Data extract:
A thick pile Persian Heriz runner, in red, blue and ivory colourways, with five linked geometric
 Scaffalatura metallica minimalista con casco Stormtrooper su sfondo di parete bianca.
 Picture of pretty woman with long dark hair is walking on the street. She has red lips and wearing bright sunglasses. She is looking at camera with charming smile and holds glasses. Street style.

Task requirements: Return, from the data, each line where the string "with" occurs.

Result of the exercise:
A thick pile Persian Heriz runner, in red, blue and ivory colourways, with five linked geometric
 Picture of pretty woman with long dark hair is walking on the street. She has red lips and wearing bright sunglasses. She is looking at camera with charming smile and holds glasses. Street style.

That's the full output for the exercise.